--- Provided information ---

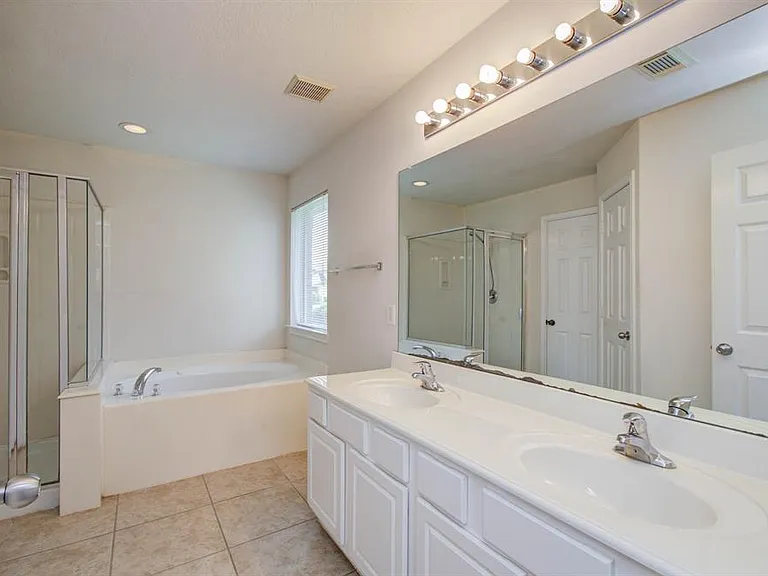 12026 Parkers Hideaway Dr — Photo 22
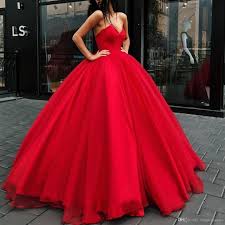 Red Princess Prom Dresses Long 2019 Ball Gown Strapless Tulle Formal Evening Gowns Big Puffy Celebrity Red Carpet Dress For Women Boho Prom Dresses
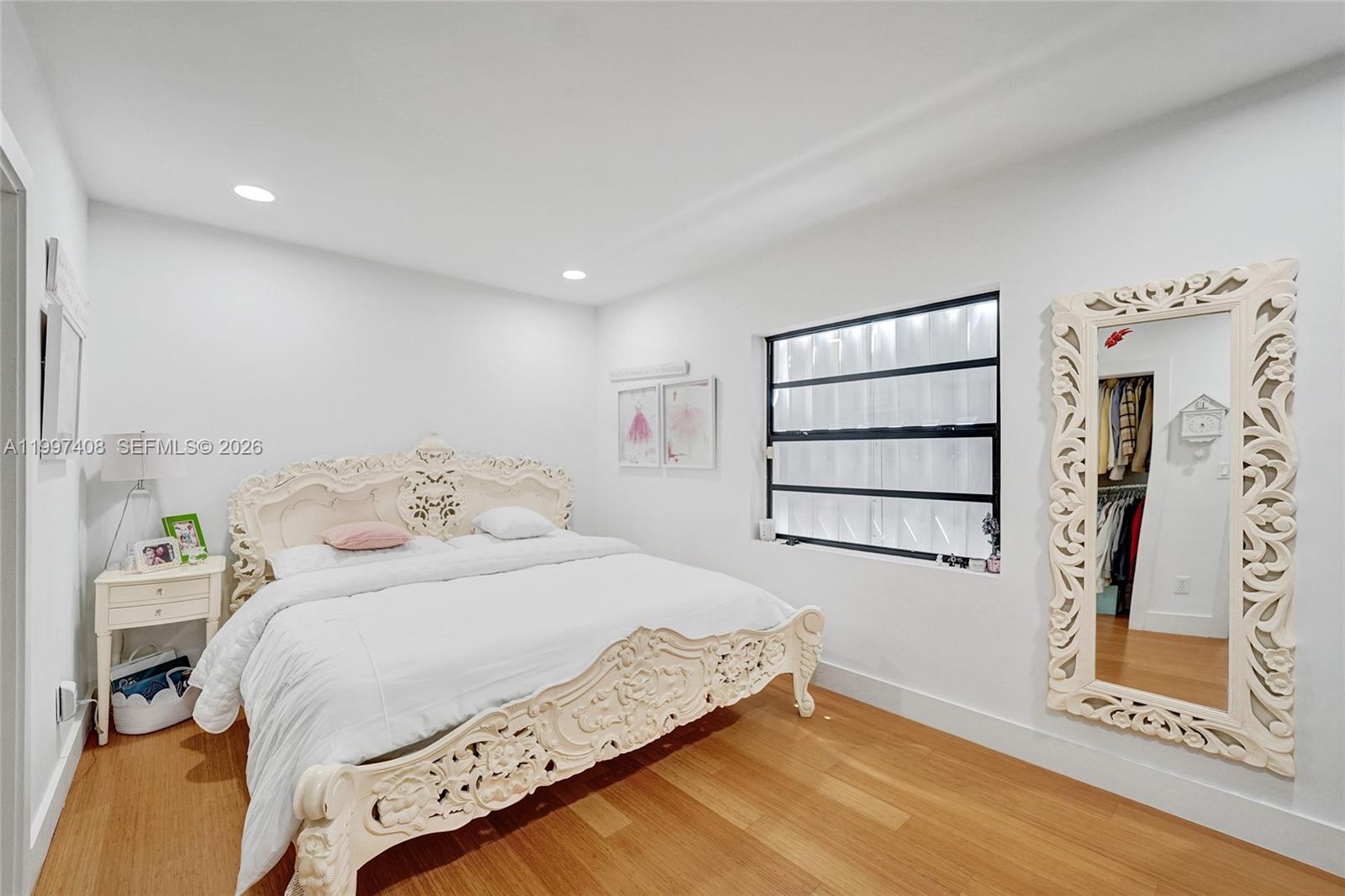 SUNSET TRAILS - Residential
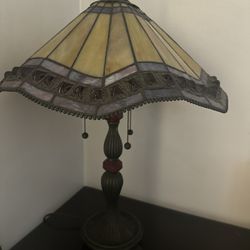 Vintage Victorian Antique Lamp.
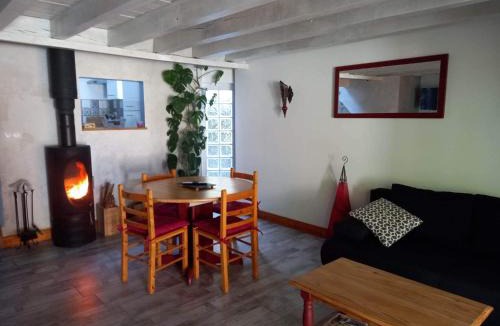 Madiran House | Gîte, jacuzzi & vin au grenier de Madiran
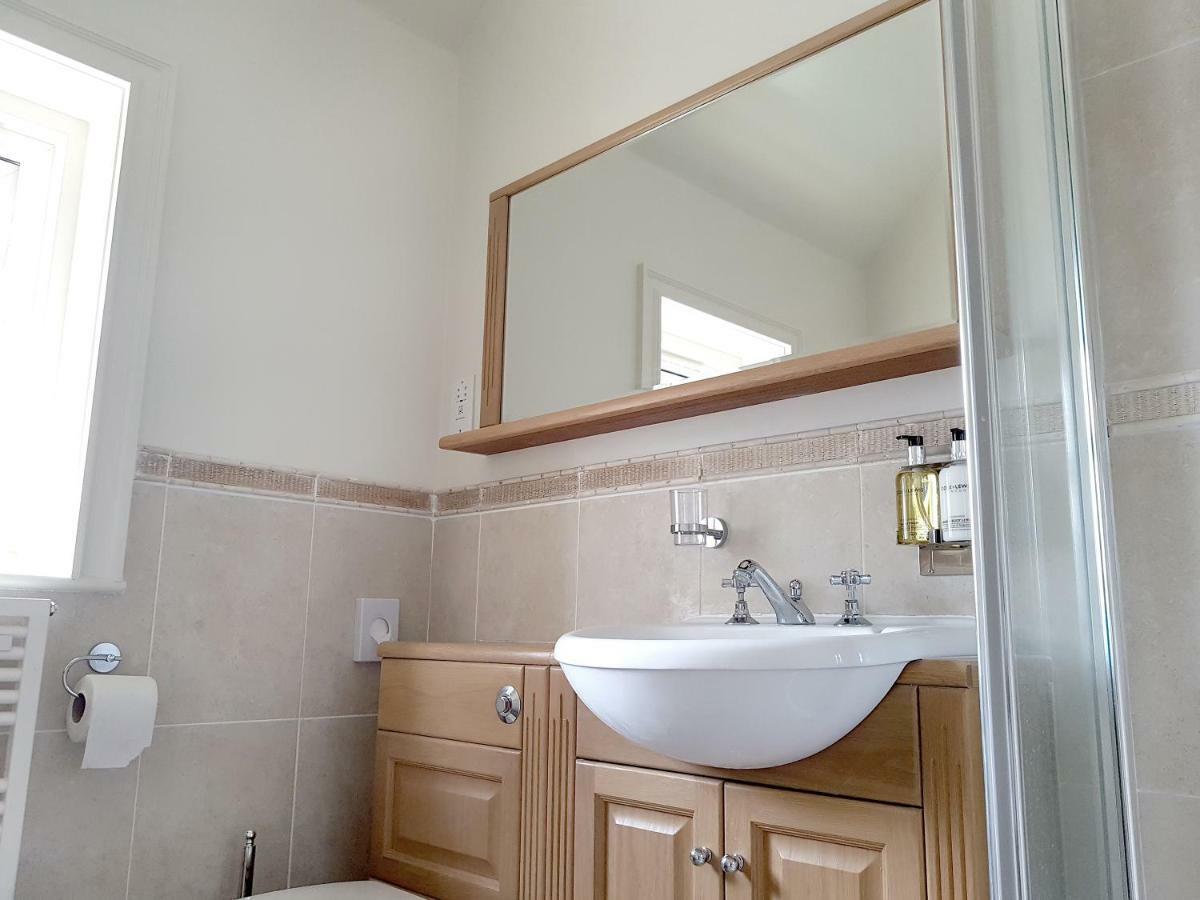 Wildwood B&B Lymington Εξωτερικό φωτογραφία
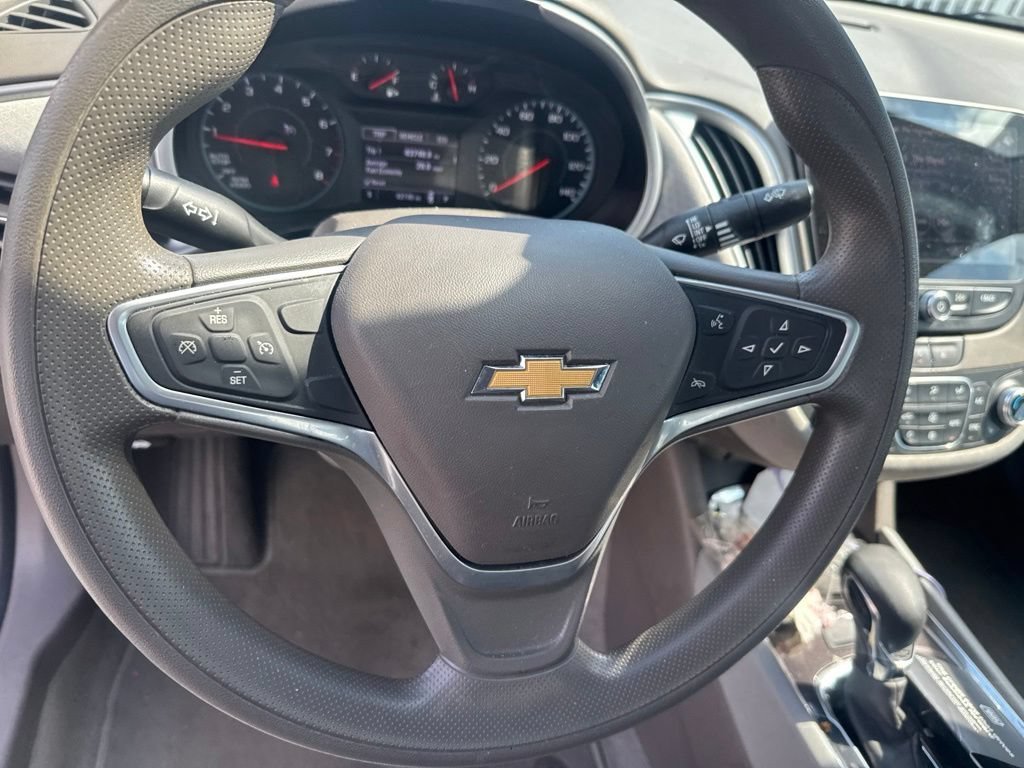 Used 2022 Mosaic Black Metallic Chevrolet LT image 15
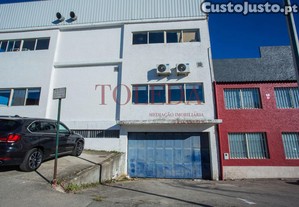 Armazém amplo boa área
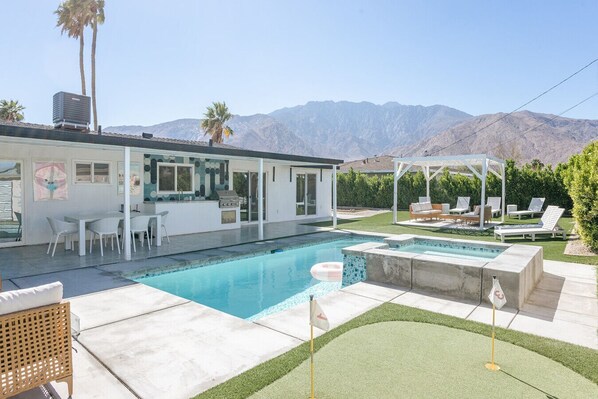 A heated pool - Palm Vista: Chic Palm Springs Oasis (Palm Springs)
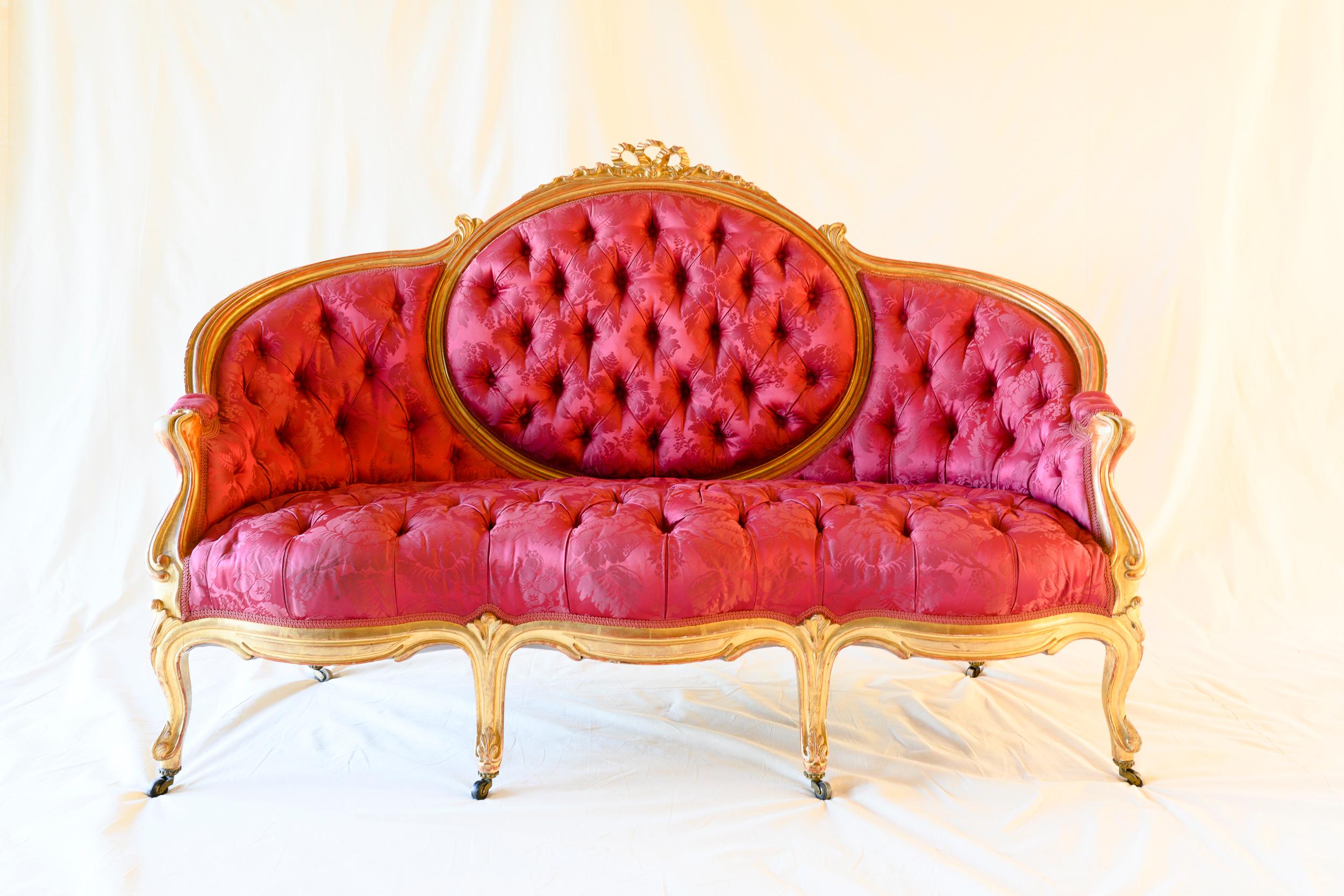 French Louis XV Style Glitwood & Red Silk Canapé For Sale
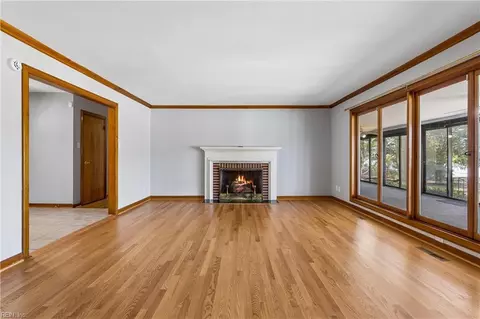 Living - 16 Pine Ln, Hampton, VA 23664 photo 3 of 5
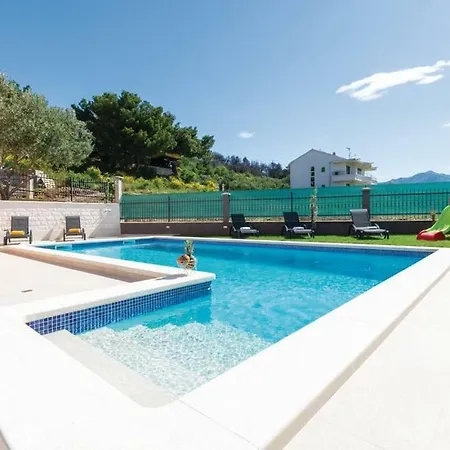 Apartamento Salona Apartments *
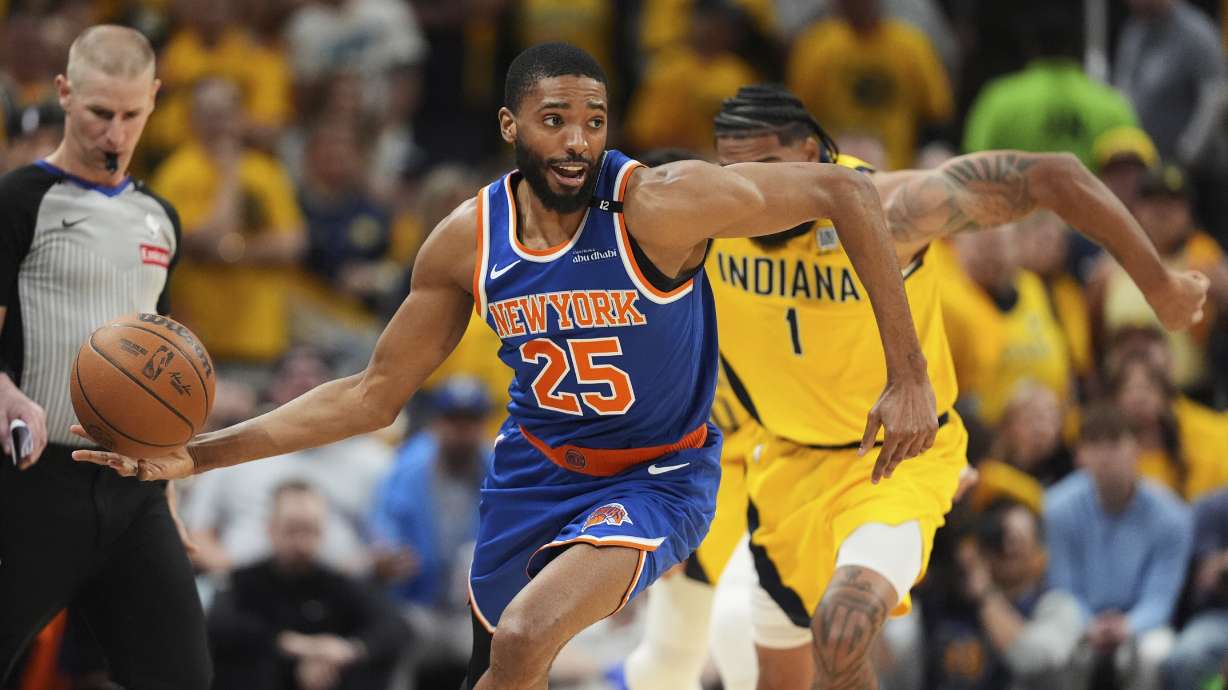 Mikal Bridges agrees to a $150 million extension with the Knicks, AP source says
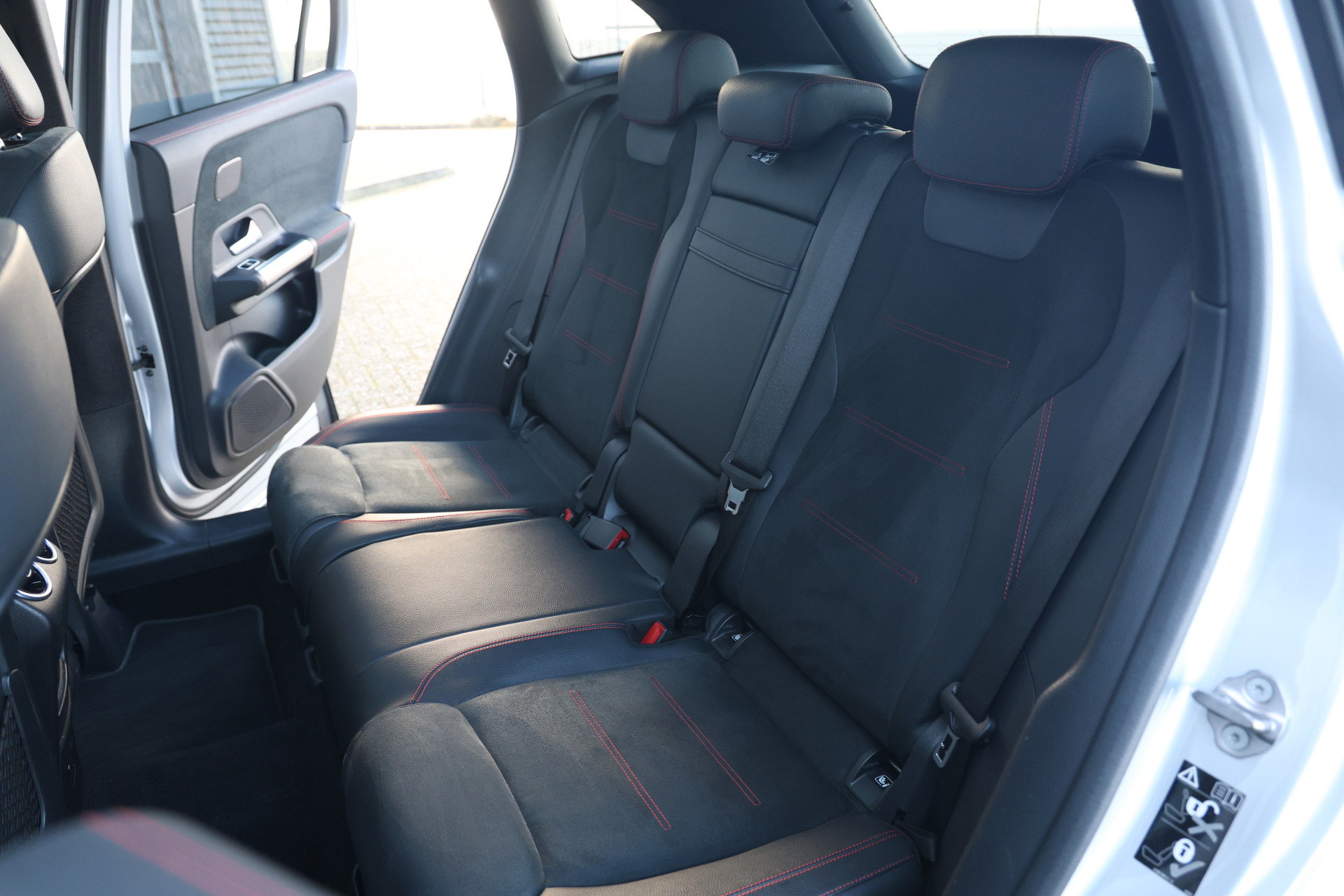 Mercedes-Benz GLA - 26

--- Task objective ---
The entries above should be retyped word for word, with all pictures omitted.

--- Solution to this problem ---
 12026 Parkers Hideaway Dr — Photo 22
 Red Princess Prom Dresses Long 2019 Ball Gown Strapless Tulle Formal Evening Gowns Big Puffy Celebrity Red Carpet Dress For Women Boho Prom Dresses
 SUNSET TRAILS - Residential
 Vintage Victorian Antique Lamp.
 Madiran House | Gîte, jacuzzi & vin au grenier de Madiran
 Wildwood B&B Lymington Εξωτερικό φωτογραφία
 Used 2022 Mosaic Black Metallic Chevrolet LT image 15
 Armazém amplo boa área
 A heated pool - Palm Vista: Chic Palm Springs Oasis (Palm Springs)
 French Louis XV Style Glitwood & Red Silk Canapé For Sale
 Living - 16 Pine Ln, Hampton, VA 23664 photo 3 of 5
 Apartamento Salona Apartments *
 Mikal Bridges agrees to a $150 million extension with the Knicks, AP source says
 Mercedes-Benz GLA - 26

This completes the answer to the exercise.